Pictures with short captions:
<<<<
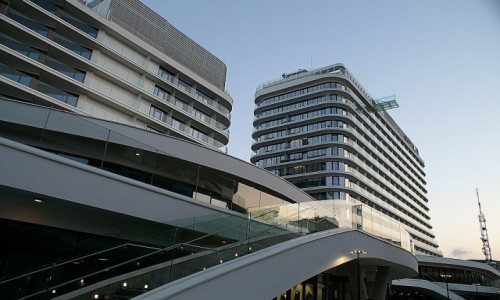 Zdjcie POLSKA / Zachodniopomorskie / winoujcie / hotel Radisson Blu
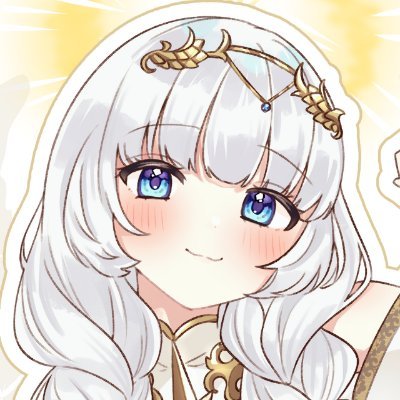 君たちよ!こん天使~👊 マビノギを広めるべく舞い降りたVTuber雪白イルマリです! 初代マビノギ宣伝部員だったよ✨気軽に声をかけてね。 あ、ちなみにイルマリは男性名です。 創造神:@kotobumi_mugina プロフ:https://t.co/2EarHsrqOS FA #イルマリアート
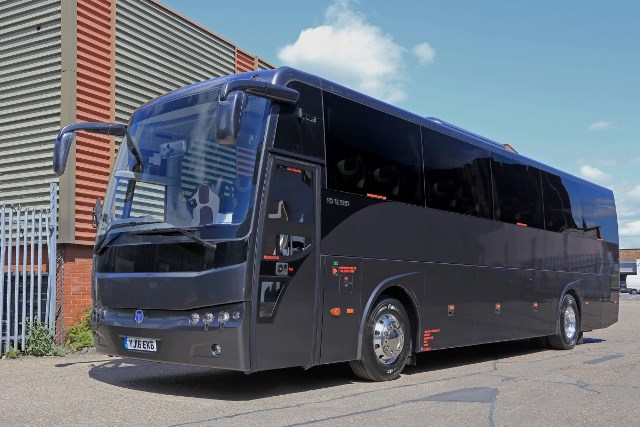 TEMSA İngiltere’de de fark yaratıyor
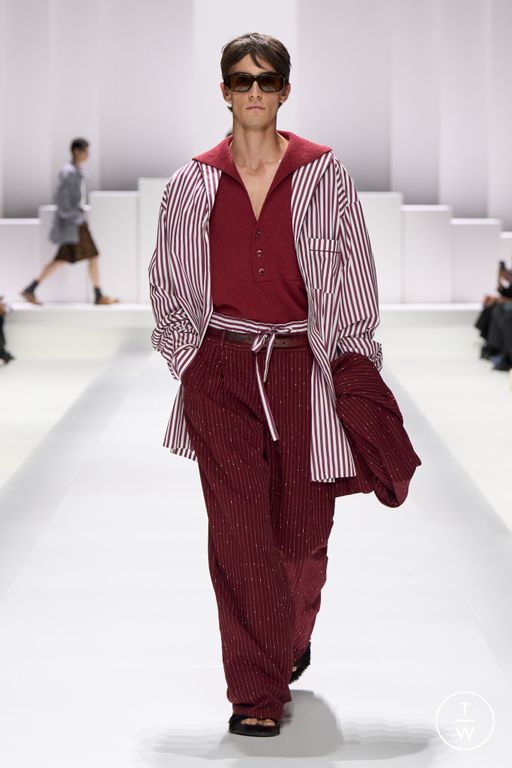 SS 26 Dolce & Gabbana Look 23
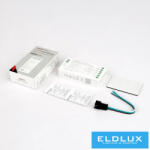MIBOXER 3in1 RF 2.4G digitális (futófény) Sima/RGB/RGBW LED szalagokhoz vezérlő DC: 5V-24V Max. 10A (SPIR3)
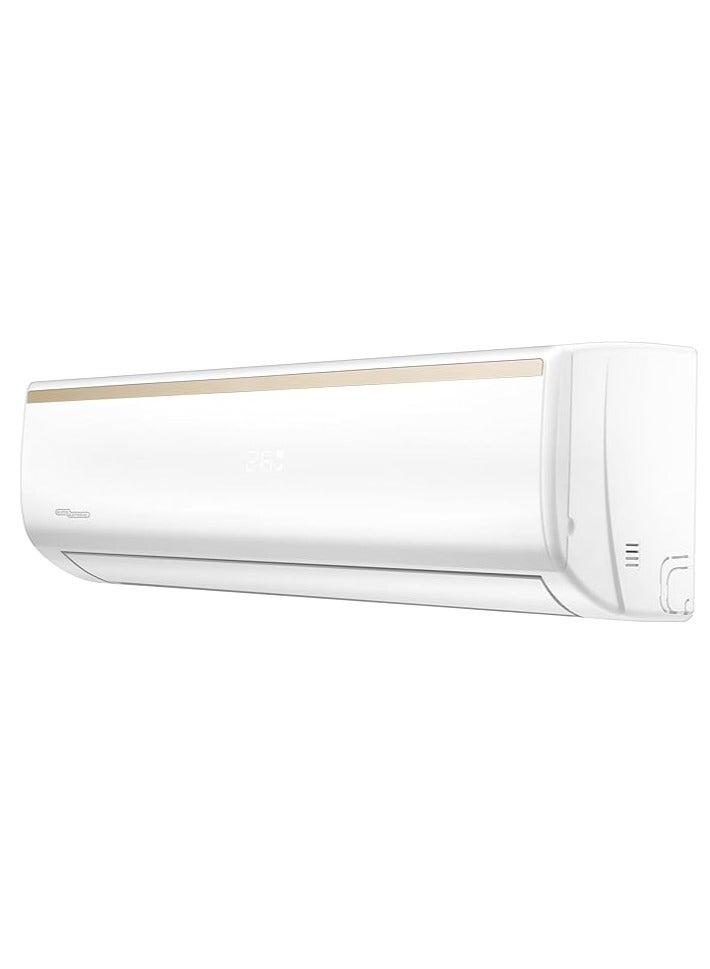 SUPER GENERAL 1 Ton Split Air Conditioner with Rotary Compressor, Auto Restart, Eco Mode,4 Way Swing SGS121AE White  - Image 3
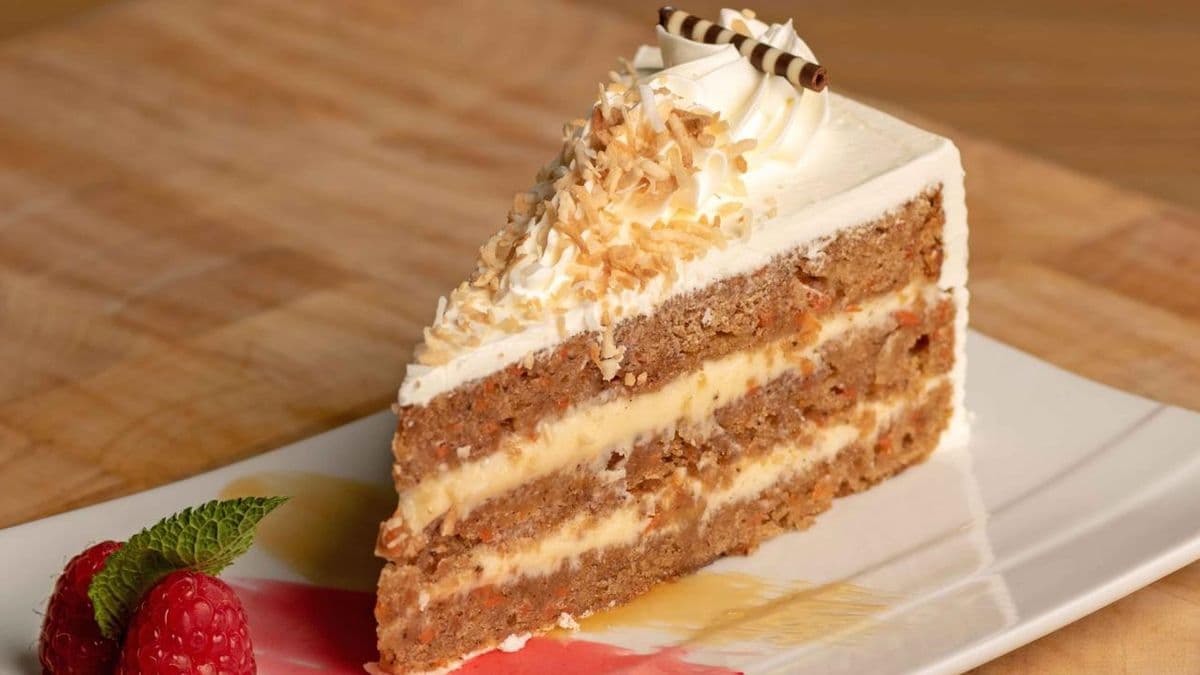 Carrot Cake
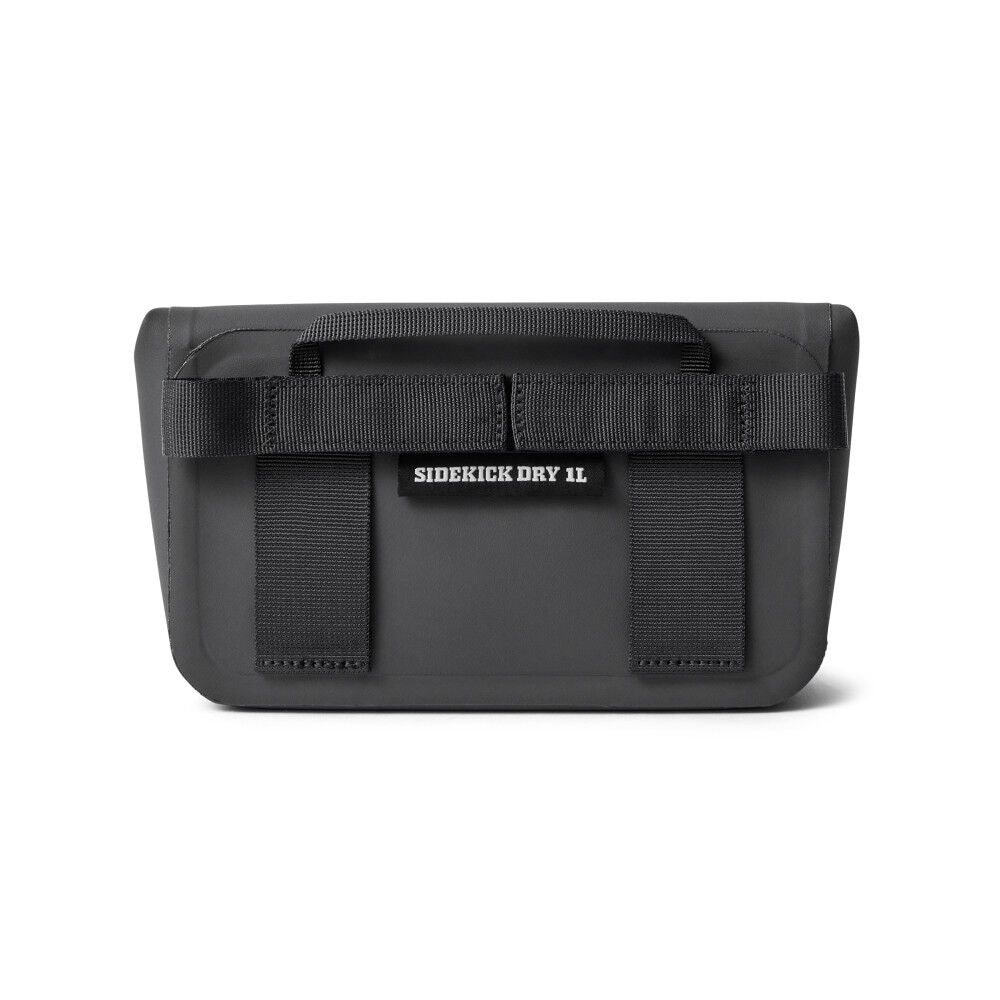 Sidekick Dry 1 L Dryhide Shell Gear Case Charcoal 18060131411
>>>>
• WHAT YOU NEED TO DO
Starting with the line that holds "Carrot Cake", return each line exactly through the final line of the entries above; pictures are not part of the output.

• REPLY
 Carrot Cake
 Sidekick Dry 1 L Dryhide Shell Gear Case Charcoal 18060131411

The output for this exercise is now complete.